電灯のスイッチを入れれば、点灯します。この場合、「スイッチを入れる」という行動に対するフィードバックは「点灯する」で、誰が見てもわかるような明示的なものです。もちろん、「点灯しない」なら、それも行動に対するフィードバックです。点灯すれば、「スイッチを入れる」という行動が正しかったことがわかります。点灯しなければ、間違って別のスイッチを入れていたかもしれませんから、行動が正しくないかもしれないということがわかります。

では、この電灯が、赤外線で発光するものだったら、どうでしょうか。

あるいは、スイッチを入れてから10分後に点灯するものだったら、どうでしょうか。

前者の場合、点灯したかどうか、つまりフィードバックが、肉眼では見えません。なので、フィードバックを肉眼以外の方法で確かめる必要があります。

後者の場合、フィードバックは見えますが、時間的がかかるため、その間にスイッチを入れたことを忘れる可能性があります。なので、10分後に忘れず確認する必要があります。

何かの行動を起こした時、それが期待した通りになったかどうかを、確認する必要があります。フィードバックはその手がかりとなりますが、日常的に、フィードバックが必ずしもすぐに、目に見える形で得られるとは限りません。
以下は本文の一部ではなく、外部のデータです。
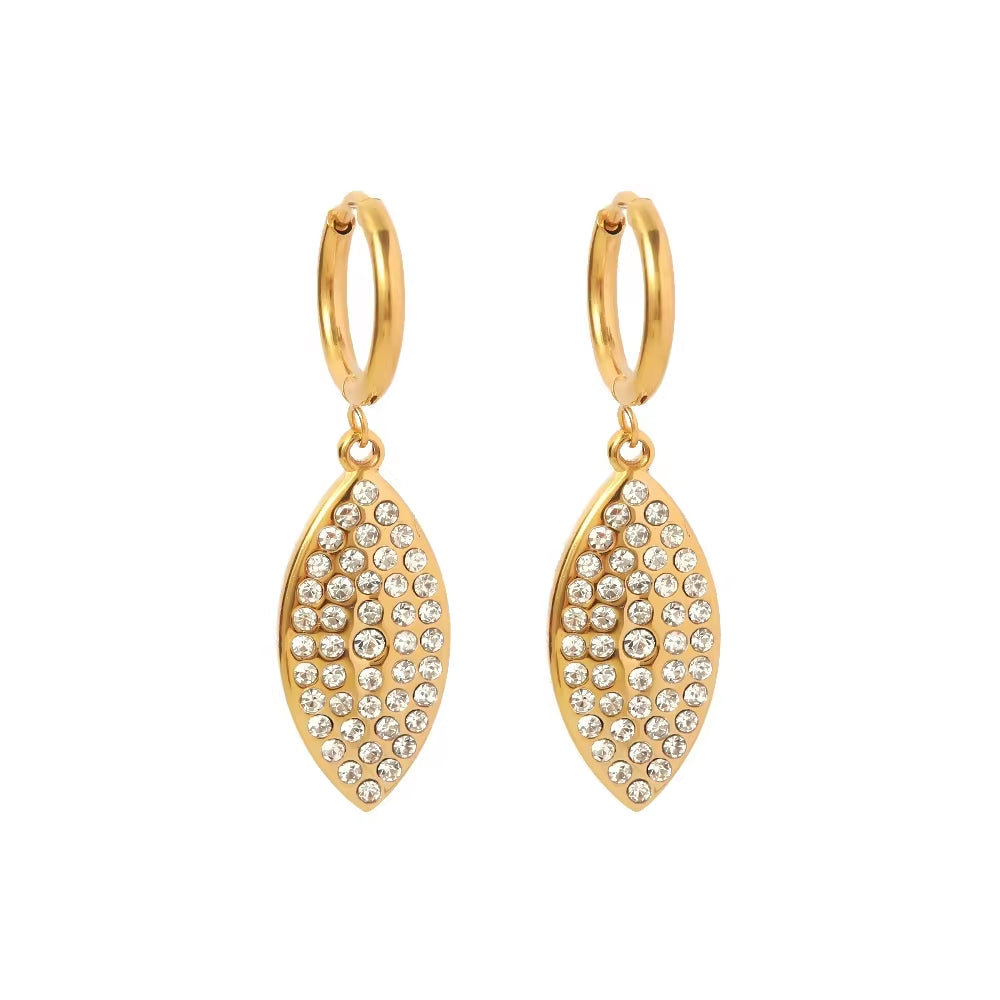 Leaf Shape Shiny Cubic Zircon Non Tarnish 18K Gold Plated Stainless Steel Pendant Earrings Women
なので、自分が学ぶ立場であれば、見えない中からフィードバックを意識的に探す、あるいは忘れずに行動とつなげることが重要でしょう。また、教える立場ではれば、自分にとって明示的なフィードバックが相手にとって見えにくい可能性があること、相手がやってからフィードバックを得るまで時間があるほど忘れやすくなる可能性があることを踏まえて、フィードバックを使っていくことが重要でしょう。